** Action item **
Exactly the lines below starting at the line with "Alles Schon Gesehen" and ending at the line with "Magh Mela 2026 Travel" are wanted, with both ends included. Leave out the pictures and add no other lines.

** Supplied data **

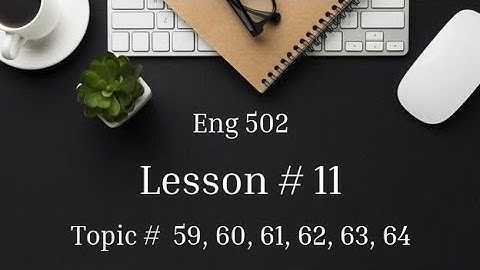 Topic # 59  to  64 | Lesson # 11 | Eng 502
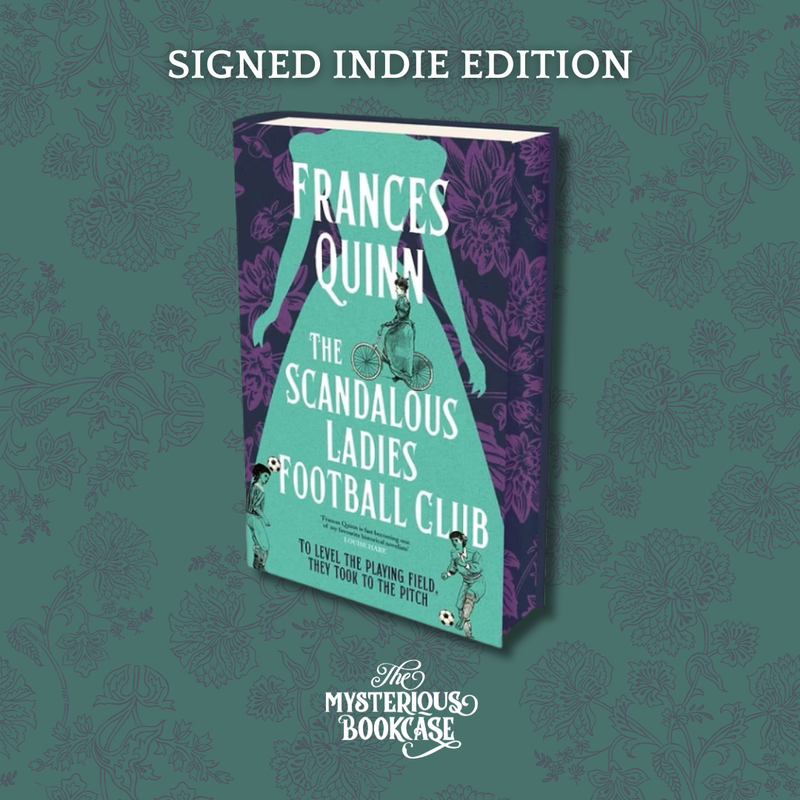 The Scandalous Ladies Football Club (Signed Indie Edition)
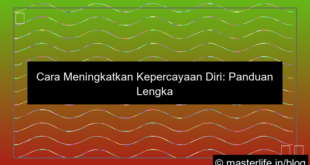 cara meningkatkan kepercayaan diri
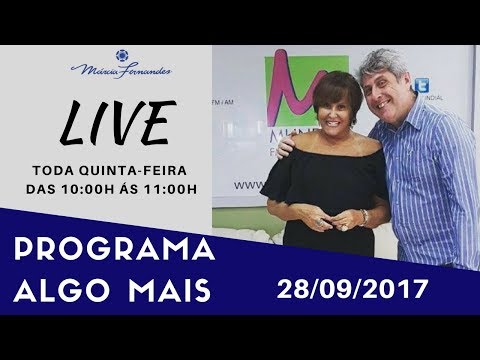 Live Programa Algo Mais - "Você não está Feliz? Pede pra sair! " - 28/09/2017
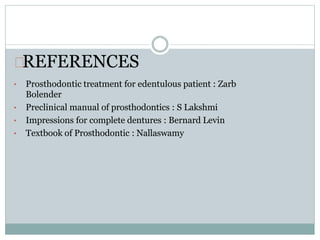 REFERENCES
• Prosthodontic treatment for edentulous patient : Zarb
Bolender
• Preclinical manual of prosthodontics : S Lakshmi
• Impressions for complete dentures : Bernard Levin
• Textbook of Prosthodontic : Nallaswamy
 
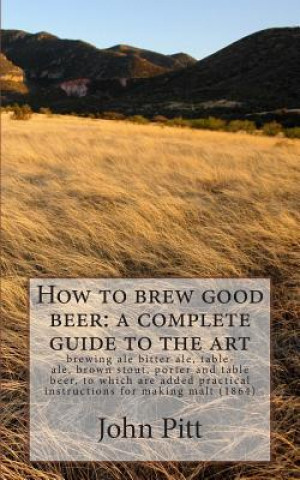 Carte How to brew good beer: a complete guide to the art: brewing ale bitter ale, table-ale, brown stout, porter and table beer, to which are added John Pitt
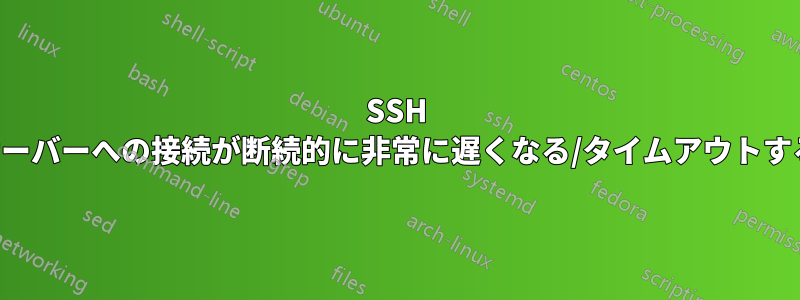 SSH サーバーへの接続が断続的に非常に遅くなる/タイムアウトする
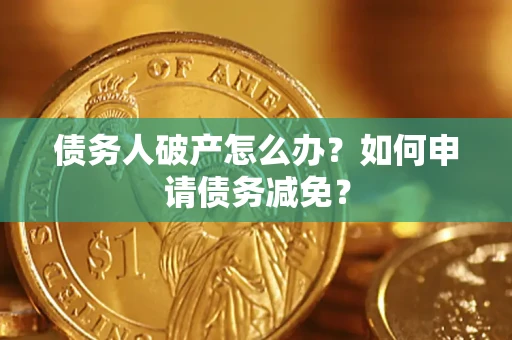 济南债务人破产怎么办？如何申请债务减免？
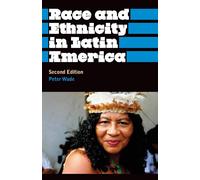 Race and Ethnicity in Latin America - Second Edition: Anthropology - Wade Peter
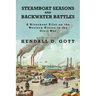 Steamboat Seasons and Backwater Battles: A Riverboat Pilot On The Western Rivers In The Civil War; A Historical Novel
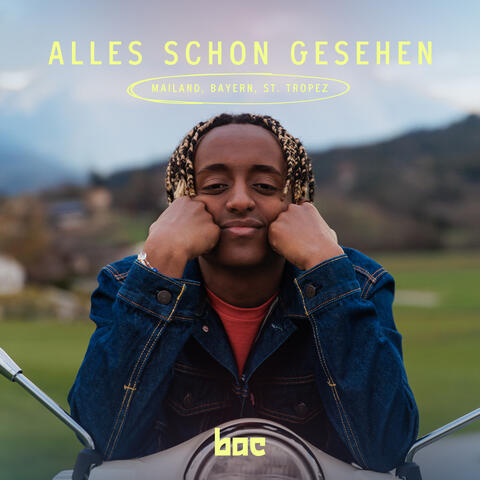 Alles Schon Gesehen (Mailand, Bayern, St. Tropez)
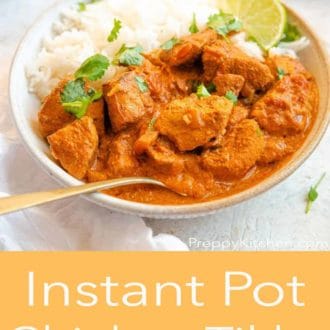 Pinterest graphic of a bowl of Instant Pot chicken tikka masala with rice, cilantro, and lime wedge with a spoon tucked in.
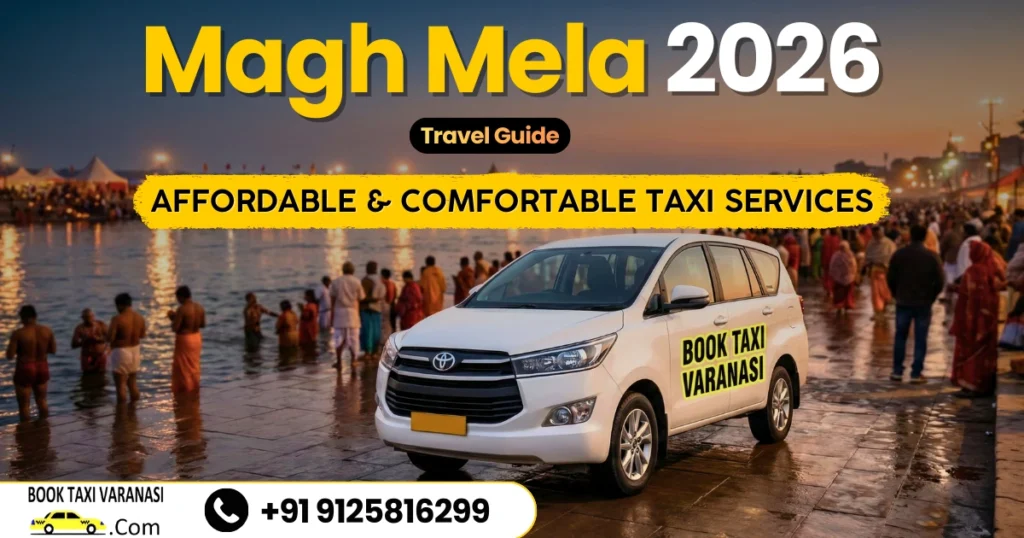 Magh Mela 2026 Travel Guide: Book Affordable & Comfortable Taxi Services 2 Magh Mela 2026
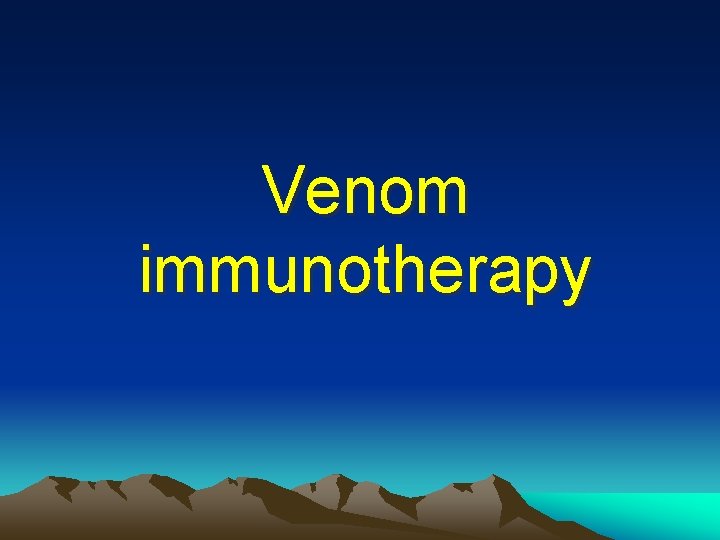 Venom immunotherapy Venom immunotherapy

** Completed task **
 Alles Schon Gesehen (Mailand, Bayern, St. Tropez)
 Pinterest graphic of a bowl of Instant Pot chicken tikka masala with rice, cilantro, and lime wedge with a spoon tucked in.
 Magh Mela 2026 Travel Guide: Book Affordable & Comfortable Taxi Services 2 Magh Mela 2026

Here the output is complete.